* Input for this task *

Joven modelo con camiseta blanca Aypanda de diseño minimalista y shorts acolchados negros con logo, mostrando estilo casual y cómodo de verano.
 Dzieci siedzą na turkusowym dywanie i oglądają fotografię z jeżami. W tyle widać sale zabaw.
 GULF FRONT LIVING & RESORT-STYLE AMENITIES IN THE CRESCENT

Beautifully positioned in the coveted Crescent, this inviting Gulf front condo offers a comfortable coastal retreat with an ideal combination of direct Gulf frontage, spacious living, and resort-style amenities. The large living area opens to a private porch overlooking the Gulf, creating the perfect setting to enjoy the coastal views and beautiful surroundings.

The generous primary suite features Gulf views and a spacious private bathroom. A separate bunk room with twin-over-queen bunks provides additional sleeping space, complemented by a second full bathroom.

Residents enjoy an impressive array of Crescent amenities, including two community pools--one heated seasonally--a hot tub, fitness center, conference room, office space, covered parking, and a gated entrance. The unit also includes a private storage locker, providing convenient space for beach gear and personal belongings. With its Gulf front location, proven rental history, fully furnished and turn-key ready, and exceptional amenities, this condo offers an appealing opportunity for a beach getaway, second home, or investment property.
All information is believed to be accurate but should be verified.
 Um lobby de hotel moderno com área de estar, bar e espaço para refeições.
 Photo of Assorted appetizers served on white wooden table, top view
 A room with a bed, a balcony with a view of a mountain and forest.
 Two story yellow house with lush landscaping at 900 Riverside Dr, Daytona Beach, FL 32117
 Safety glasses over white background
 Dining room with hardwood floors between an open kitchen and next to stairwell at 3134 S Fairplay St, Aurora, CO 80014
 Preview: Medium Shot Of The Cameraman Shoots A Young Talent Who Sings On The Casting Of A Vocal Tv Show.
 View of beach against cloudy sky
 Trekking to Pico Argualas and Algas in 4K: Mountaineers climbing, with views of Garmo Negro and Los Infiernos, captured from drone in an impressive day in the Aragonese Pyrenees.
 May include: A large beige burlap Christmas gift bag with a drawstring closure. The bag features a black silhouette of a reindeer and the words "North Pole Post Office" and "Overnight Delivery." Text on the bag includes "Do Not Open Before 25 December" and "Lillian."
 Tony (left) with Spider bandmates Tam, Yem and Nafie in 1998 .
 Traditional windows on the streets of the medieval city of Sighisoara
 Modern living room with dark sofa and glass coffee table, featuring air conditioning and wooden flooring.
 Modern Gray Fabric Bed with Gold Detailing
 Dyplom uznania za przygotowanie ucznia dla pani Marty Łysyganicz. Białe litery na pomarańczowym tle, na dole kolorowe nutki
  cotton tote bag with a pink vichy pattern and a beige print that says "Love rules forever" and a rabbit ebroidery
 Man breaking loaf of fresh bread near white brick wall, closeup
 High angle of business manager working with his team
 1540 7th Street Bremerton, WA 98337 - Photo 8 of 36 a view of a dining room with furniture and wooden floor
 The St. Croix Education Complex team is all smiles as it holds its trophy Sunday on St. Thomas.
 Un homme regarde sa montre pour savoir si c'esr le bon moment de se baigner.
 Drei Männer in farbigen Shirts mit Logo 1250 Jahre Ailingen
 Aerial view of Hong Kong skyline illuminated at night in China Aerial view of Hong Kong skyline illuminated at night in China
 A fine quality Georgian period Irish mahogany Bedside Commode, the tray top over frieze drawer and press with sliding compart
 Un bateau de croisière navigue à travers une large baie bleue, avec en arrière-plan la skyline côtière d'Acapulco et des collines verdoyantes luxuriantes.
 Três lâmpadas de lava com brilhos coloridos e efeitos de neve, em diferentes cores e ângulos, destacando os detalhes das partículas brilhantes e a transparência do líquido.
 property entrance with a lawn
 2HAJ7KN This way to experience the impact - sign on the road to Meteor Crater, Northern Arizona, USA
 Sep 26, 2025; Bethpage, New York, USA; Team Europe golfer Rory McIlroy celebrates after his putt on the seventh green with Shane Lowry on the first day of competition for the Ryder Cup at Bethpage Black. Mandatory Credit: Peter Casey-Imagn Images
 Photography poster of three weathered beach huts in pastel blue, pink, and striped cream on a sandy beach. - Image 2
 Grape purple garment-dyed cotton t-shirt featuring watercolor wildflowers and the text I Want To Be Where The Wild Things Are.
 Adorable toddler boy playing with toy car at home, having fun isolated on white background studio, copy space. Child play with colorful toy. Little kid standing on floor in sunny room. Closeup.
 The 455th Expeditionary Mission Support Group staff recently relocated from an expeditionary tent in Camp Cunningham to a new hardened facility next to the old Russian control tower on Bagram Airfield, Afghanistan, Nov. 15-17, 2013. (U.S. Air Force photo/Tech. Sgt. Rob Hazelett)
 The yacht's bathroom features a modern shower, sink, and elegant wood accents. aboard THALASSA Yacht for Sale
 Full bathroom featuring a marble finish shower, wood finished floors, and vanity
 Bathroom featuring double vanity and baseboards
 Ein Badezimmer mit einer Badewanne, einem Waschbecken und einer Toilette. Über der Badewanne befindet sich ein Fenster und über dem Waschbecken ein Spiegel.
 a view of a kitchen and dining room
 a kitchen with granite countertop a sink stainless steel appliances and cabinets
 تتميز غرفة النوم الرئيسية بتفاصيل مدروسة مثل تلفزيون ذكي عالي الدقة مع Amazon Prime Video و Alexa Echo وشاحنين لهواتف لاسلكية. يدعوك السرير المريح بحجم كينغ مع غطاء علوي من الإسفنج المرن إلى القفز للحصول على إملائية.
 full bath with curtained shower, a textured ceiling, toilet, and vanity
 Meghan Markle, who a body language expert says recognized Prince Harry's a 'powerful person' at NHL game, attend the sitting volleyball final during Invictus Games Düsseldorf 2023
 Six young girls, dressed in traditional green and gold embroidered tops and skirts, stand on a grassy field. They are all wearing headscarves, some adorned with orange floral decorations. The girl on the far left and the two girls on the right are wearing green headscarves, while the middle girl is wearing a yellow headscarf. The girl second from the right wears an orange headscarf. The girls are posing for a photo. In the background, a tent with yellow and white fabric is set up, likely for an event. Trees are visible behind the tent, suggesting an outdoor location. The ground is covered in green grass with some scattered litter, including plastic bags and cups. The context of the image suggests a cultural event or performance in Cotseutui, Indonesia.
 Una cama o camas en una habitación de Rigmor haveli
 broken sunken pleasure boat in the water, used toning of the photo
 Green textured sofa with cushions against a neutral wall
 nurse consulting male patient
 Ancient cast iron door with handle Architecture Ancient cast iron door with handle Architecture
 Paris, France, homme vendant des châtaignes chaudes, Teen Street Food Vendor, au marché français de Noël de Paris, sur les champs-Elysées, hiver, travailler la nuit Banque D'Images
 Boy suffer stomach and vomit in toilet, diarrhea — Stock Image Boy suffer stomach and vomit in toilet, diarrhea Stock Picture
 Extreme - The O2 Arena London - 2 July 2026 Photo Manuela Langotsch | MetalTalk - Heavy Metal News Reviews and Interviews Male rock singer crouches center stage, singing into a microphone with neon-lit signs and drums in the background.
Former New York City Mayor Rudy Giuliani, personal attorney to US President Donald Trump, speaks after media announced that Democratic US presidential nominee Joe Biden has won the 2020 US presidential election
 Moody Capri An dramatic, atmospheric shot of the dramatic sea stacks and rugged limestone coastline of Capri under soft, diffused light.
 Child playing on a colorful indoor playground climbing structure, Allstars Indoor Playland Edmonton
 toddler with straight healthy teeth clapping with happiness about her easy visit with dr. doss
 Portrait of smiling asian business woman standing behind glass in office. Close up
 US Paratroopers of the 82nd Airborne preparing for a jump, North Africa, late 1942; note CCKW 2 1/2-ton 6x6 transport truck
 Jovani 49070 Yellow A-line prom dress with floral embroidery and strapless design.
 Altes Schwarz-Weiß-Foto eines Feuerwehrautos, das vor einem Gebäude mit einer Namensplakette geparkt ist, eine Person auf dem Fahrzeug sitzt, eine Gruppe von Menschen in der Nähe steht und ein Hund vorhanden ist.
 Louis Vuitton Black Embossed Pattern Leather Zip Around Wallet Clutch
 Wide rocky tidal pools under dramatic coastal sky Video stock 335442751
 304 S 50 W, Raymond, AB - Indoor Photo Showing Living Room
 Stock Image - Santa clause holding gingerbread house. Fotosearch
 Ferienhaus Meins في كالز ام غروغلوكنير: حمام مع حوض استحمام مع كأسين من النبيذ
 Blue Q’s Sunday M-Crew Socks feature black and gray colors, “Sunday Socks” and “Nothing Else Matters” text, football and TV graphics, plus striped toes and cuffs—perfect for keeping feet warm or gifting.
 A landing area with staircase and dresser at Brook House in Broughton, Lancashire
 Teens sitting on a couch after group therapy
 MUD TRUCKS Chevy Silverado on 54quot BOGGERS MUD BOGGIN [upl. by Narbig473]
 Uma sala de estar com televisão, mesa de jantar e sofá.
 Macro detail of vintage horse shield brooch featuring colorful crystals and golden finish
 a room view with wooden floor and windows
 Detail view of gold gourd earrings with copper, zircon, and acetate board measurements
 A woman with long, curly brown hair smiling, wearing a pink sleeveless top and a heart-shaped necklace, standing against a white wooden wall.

* Directions *
Print exactly the lines above from the one with "Two story yellow" to the one with "Un homme regarde", including both.

* Output of the task *
 Two story yellow house with lush landscaping at 900 Riverside Dr, Daytona Beach, FL 32117
 Safety glasses over white background
 Dining room with hardwood floors between an open kitchen and next to stairwell at 3134 S Fairplay St, Aurora, CO 80014
 Preview: Medium Shot Of The Cameraman Shoots A Young Talent Who Sings On The Casting Of A Vocal Tv Show.
 View of beach against cloudy sky
 Trekking to Pico Argualas and Algas in 4K: Mountaineers climbing, with views of Garmo Negro and Los Infiernos, captured from drone in an impressive day in the Aragonese Pyrenees.
 May include: A large beige burlap Christmas gift bag with a drawstring closure. The bag features a black silhouette of a reindeer and the words "North Pole Post Office" and "Overnight Delivery." Text on the bag includes "Do Not Open Before 25 December" and "Lillian."
 Tony (left) with Spider bandmates Tam, Yem and Nafie in 1998 .
 Traditional windows on the streets of the medieval city of Sighisoara
 Modern living room with dark sofa and glass coffee table, featuring air conditioning and wooden flooring.
 Modern Gray Fabric Bed with Gold Detailing
 Dyplom uznania za przygotowanie ucznia dla pani Marty Łysyganicz. Białe litery na pomarańczowym tle, na dole kolorowe nutki
  cotton tote bag with a pink vichy pattern and a beige print that says "Love rules forever" and a rabbit ebroidery
 Man breaking loaf of fresh bread near white brick wall, closeup
 High angle of business manager working with his team
 1540 7th Street Bremerton, WA 98337 - Photo 8 of 36 a view of a dining room with furniture and wooden floor
 The St. Croix Education Complex team is all smiles as it holds its trophy Sunday on St. Thomas.
 Un homme regarde sa montre pour savoir si c'esr le bon moment de se baigner.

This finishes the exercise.